It’s common for many CPA Firms, Accountants, and Accounting Practices to have no shortage of metrics and KPI’s to track… but the biggest issue is what are important metrics vs vanity metrics?
Vanity Metrics would be anything that is measurable (a common example might be website visitors) but do not correlate with actual growth.
Proper metrics are ones that can indicate future growth (whether it’s new clients, client profitability, retention, team productivity, etc)
With that in mind, today we’re going to focus on client and workflow key performance indicators for accountants.

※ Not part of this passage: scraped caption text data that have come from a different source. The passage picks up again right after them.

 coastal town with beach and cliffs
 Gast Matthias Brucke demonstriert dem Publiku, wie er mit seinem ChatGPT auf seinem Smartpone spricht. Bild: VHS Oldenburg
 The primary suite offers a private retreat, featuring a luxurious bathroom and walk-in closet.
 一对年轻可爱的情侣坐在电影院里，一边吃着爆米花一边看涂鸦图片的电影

There’s many potential ones to track, including:
- Turn around time
- Client profitability
- # of services delivered to client
- Team Capacity and resource allocation
- Team productivity and job satisfaction
- Client retention
- Cashflow metrics (AR net 30,60,90)
- Profitability per team member
- Job realization
- New client growth
- Average revenue per year per client
You might have noticed a few KPI's around team management, and the reason we included them is because team tracking can be a critical indicator of client growth, retention, and or attrition. Since the team and staff will likely be involved in the service offering, and in some cases a common contact point, their job satisfaction can carry over to the quality of work and advisory relationship with the client. If you have a disgruntled staff member who always cuts client conversations short, that is a reflection of your firm or practice. The client will not see the difference, and because the staff carries your reputation, we feel it's important to review team KPI's and metrics as well, especially around job satisfaction and growth.

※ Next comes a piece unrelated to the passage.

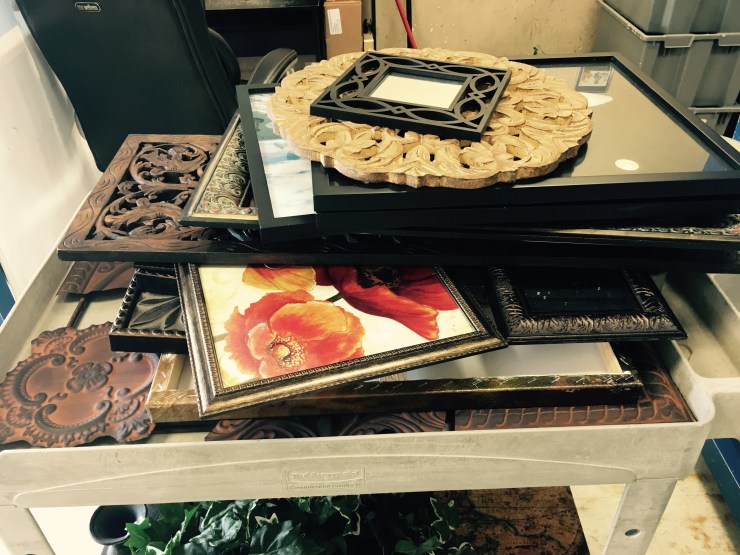 Picture frames on a cart.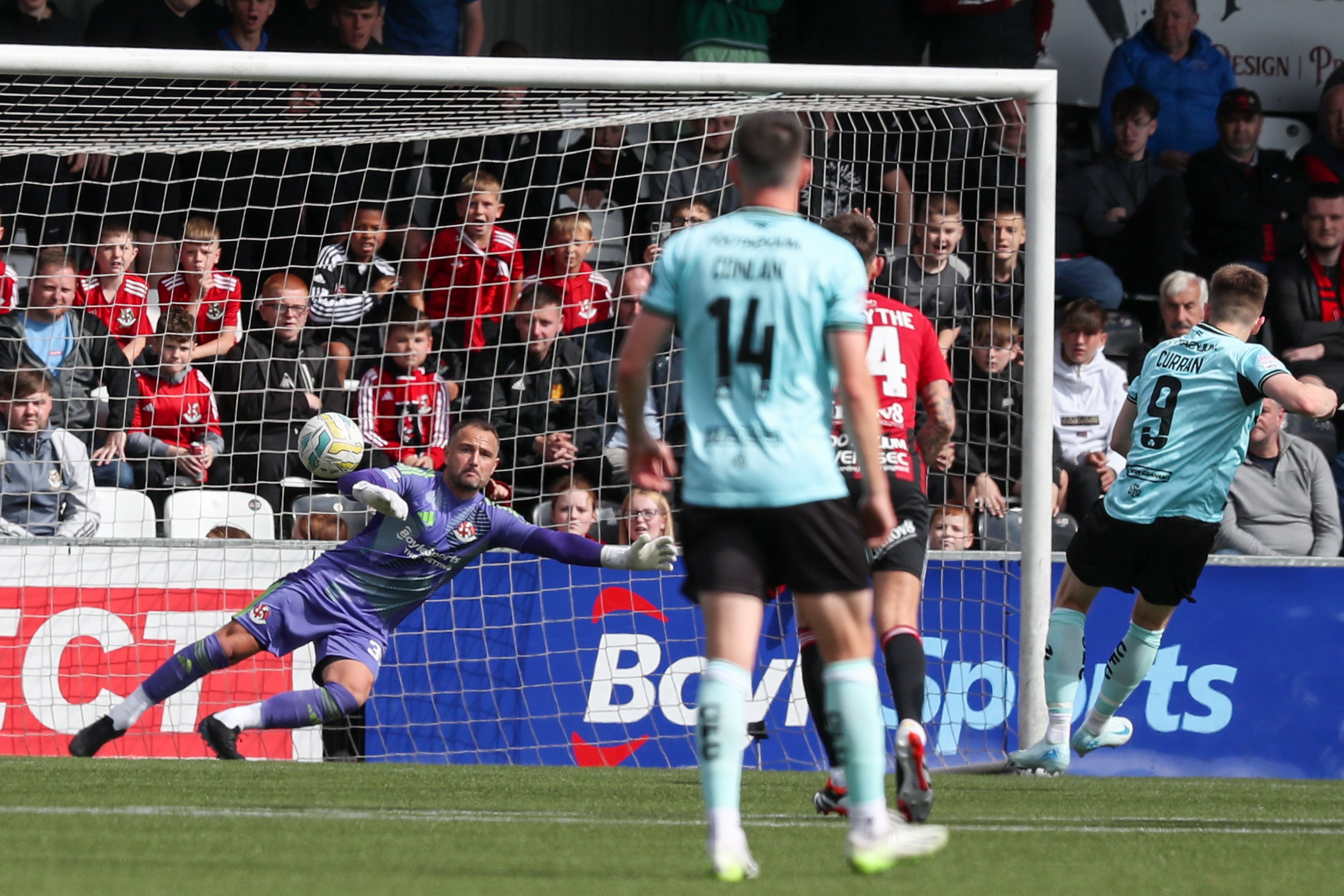Ryan Curran scores his penalty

Today we're going to focus on the main key performance indicators for accountants that is a foundational metric to track...
Turn Around Time
You might be wondering... why focus on turn around time (or at least, why turn around time specifically?)

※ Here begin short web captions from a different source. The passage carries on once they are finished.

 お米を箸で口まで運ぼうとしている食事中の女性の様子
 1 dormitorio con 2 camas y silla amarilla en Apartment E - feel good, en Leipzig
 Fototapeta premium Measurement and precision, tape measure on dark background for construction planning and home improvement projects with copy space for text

That's because turn around time signifies much more than just delivery. It can help measure how closely you meet client expectations, which can be attribution to client attrition, word of mouth referrals and more.
Also, turn around time can help track team and staff member productivity... which team member is falling behind? Is it because the client work should have a longer turn around time, of the team member not trained properly, or are they stretched thin?
It's important to measure turn around time in your accounting practice or firm, and is critical to measure in your workflow.